Tuesday 18 May 2010

Are they really all the same?

Once again I am proud to bring you a column that is spectacularly out of touch with the mood of the region, the nation and quite possibly the entire human race.

I fear this must be so because I spent last Tuesday evening doing a badly co-ordinated jig of glee in front of the television while the helicopters hovered over Downing Street. Between swigs from my celebratory glass, I loudly enquired why the departure of the Browns could not be more like that of the Ceausescus, while my wife murmured soothingly “He’s gone now, love. Just let it go.”

Then David Cameron arrived outside the famous front door and blow me down if almost his first words were not a glowing tribute to his predecessor: “Compared to a decade ago, this country is more open at home and more compassionate abroad and that is something we should all be grateful for.”

Really? More open to all those immigrants who hoovered up most of the new jobs created in the New Labour years, certainly, but how else? And what exactly do our major foreign policy initiatives in Iraq and Afghanistan have to do with compassion?

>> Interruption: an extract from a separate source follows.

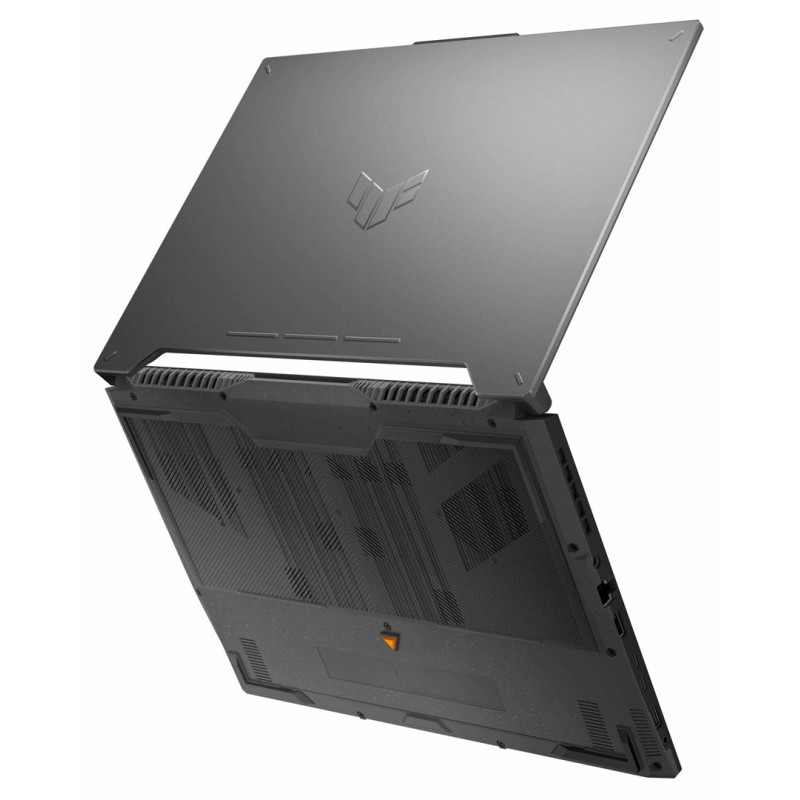ASUS TUF Gaming F16 FX607VU-I5085 Core 5 210H 16.0 ASUS TUF Gaming F16 FX607VU-I5085 Core 5 210H 16.0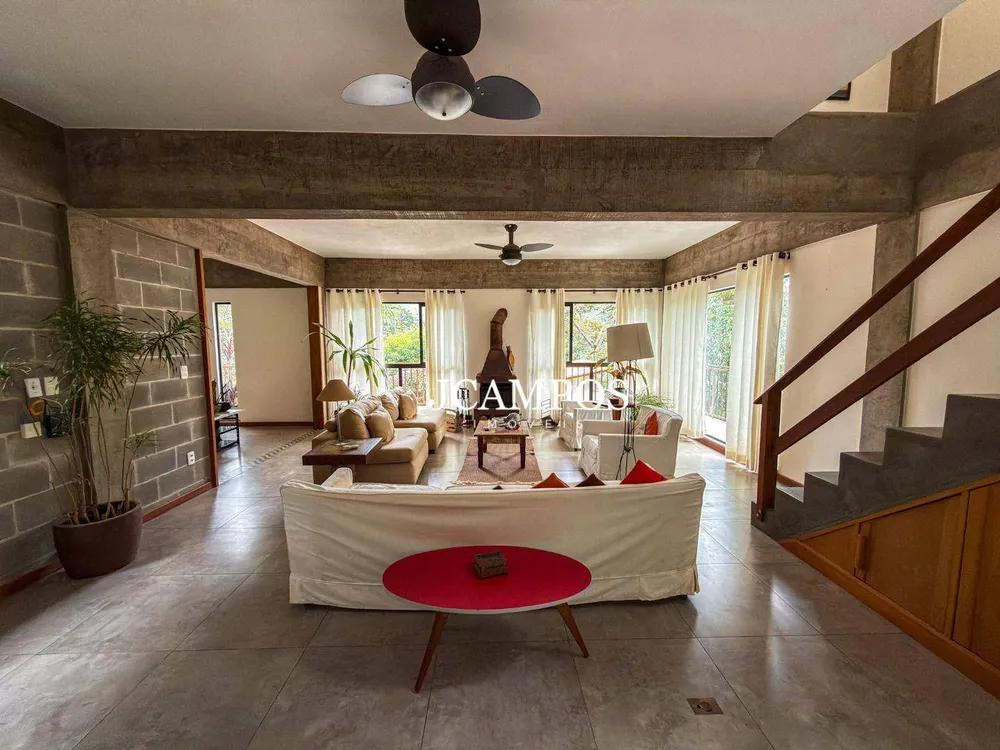 Casa, 3 quartos, 450 m² - Foto 14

My mystification only deepened when I turned, for light relief, to a social networking site, and found a friend reporting that she had wept over Gordon Brown’s departure, even though she is not a Labour voter. It must have been those well-scrubbed children that brought a lump to the throat, I guess. At least Lord Mandelson and Alastair Campbell have not lost their touch.

A myth is being constructed in which Gordon Brown was all along simply a dedicated public servant who strove to do his best for his country, was unluckily wrong-footed by a global financial crisis that blew up on his watch, and finally departed with dignity. This is untrue in every particular.

Right from the start, with the cut-price sale of our gold reserves, the destruction of our private pension system and the introduction of divided, “light touch” financial regulation, Mr Brown’s 13 years in Downing Street were a disaster. Only one great service to the nation stands out to underpin his claim to a place in Westminster Abbey, and that is his success in keeping Britain out of the euro, without which our financial predicament would be even closer to that of Greece.

While giving due credit for this, it should perhaps be qualified by the suspicion that it owed less to sound economic principles than to a determination to deny Tony Blair his bizarre but sincere wish to go down in history as the man who abolished the pound.

Now, it can be argued that I should indeed let all this go. When the Titanic was sinking, it doubtless made more sense to focus on saving as many lives as possible, rather than sitting down in the crazily tilting first class saloon for an in-depth discussion of who was responsible for the ship’s defective design.

Given the depth of the financial hole in which we find ourselves, it is perhaps right for our politicians to put aside their differences and pull together, as Messrs Cameron and Clegg have already done. Were Dave’s emollient words uttered with a view to the possible need to draw Labour into a new National Government if the crisis should deepen, as it well might?

The downside of this, along with the clustering of every party around the “centre ground”, taking their core supporters for granted so as to focus on luring in the wet and naïve floating voter, is that it fuels the suspicion graphically put to me by one elderly neighbour: “They’re all the same. They’re all in it for what they can get.”

Because if no major issues of principle divide our mainstream political parties, what other explanation can there be?